エンタメOVO 2025年1月24日 8時0分

『雪の花 -ともに在りて-』(1月24日公開)

 江戸時代末期、有効な治療法がなく多くの人の命を奪ってきた痘瘡(とうそう=天然痘)。福井藩の町医者・笠原良策(松坂桃李)は、痘瘡に有効な「種痘(予防接種)」という予防法が異国から伝わったことを知り、京都の蘭方医・日野鼎哉(ていさい=役所広司)に教えを請い、私財を投げ打って必要な種痘の苗を福井に持ち込む。

 だが、天然痘のうみをあえて体内に植え込むという種痘の普及には、さまざまな困難が立ちはだかる。それでも良策は、妻の千穂(芳根京子)に支えられながら疫病と闘い続ける。

 『雨あがる』(00)『蜩ノ記』(14)『散り椿』(18・脚本)『峠 最後のサムライ』(22)などで、時代劇を通して人間の美しい在り方を問うてきた小泉堯史監督が、吉村昭の小説『雪の花』を映画化。

 今回は、多くの人々を疫病から救った実在の町医者の姿を描いているため、どうしてもコロナ禍を意識したものとして捉えられがちだが、小泉監督が「コロナ禍を意識していないわけではないが、どちらかといえば笠原良策という人物に引かれて撮った。歴史と伝統を大切に、医者として病に対峙(たいじ)し、いかに生きるか。その生き方を問う作品」と語るように、種痘を広めた無名だが素晴らしい医師のことを世に知らしめたいという思いが強かったのだろう。

 そして、その結果として、監督いわくの「時代劇、要するに歴史といっても人間の営みは現代と全く同じ。その時代に生きている人たちが今の自分たちにつながる」ところが大きいのだ。

 面白いのは、鼎哉と良策の師弟関係や良策の行動などに、小泉監督の師匠・黒澤明監督の小石川養生所を舞台にした『赤ひげ』(65)をほうふつとさせるシーンがあるところ。また、原作は吉村昭なのに、妻の千穂の人物像などに山本周五郎的なものを感じさせるところが小泉監督の真骨頂だ。

 良策と千穂をはじめ、登場人物のほとんどが“いい人”なのはいささか出来過ぎの感もあるが、「爽やかな気持ちになって劇場を後にしてもらえたらうれしい」という小泉監督の言葉通りの映画にはなっていると思う。

『室町無頼』(1月17日公開) 


 1461年、応仁の乱前夜の京。人々は大飢饉と疫病に襲われ、人身売買や奴隷労働も横行していた。だが、時の将軍・足利義政(中村蒼)は享楽にふけっていた。
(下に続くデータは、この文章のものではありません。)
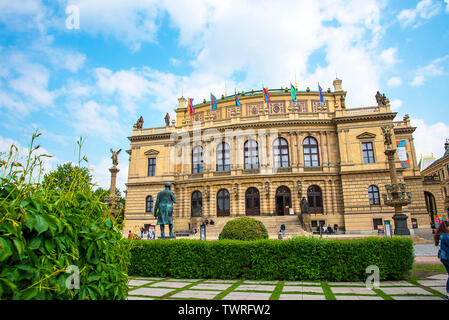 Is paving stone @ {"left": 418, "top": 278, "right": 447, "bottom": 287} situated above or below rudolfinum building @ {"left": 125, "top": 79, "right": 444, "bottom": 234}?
below

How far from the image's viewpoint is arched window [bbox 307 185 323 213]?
33.9 metres

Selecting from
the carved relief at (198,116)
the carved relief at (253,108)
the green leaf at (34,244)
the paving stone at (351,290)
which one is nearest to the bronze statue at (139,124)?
the carved relief at (198,116)

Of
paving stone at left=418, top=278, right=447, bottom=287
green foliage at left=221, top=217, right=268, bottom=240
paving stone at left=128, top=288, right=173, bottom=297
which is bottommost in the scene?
paving stone at left=418, top=278, right=447, bottom=287

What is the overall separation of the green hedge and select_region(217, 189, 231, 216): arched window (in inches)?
1056

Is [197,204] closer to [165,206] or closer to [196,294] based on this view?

そんな中、己の腕と才覚だけで乱世を生きる自由人の蓮田兵衛(大泉洋)はひそかに倒幕と世直しを画策し、立ち上がる時を見計らっていた。

 一方、天涯孤独で夢も希望もない日々を過ごしていた才蔵(長尾謙杜)は、兵衛に武術の才能を見いだされて鍛えられ、彼の手下となる。やがて兵衛のもとに集った無頼漢たちは、巨大な権力に向けて暴動を仕掛ける。そんな彼らの前に、兵衛のかつての悪友・骨皮道賢(堤真一)率いる幕府軍が立ちはだかる。

 日本史上で初めて武士階級として一揆を起こした男の知られざる戦いをドラマチックに描く。垣根涼介の時代小説を映画化した戦国アクション。監督・脚本は入江悠。

 昨年『碁盤斬り』と『十一人の賊軍』が公開された白石和彌監督に続いて、入江監督も時代劇に参戦。

 この映画のユニークなところは、ほとんど時代劇の舞台にはならない室町時代を背景にし、実在したが無名の男を主人公としたため、物語の自由度が高くなった点にある。それ故、アクションや設定にマカロニウエスタンや香港の武侠映画の要素を取り入れながら、独自の世界を構築している。大泉も長尾もみごとな殺陣を見せる。

 上記2作の白石監督と、『雪の花 -ともに在りて-』の小泉堯史監督にインタビューした際に、時代劇の魅力について尋ねると、どちらも「時代劇の魅力は自由なところで、そこに現代性を持たせることもできる」と語ってくれたが、この映画の入江監督に尋ねても同じような答えが返ってくるのではないかという気がした。

 その一方、『十一人の賊軍』とこの映画の製作・配給はかつて時代劇を量産し黄金時代を築いた東映で、『侍タイムスリッパー』にも協力している。そう考えると、これらの映画は“新たな時代劇”ではあるが、ちゃんと伝統も継承しながら作られていることが分かる。こうしてさまざまな形で時代劇が復活し、さまざまな展開を見せるのはうれしい限りだ。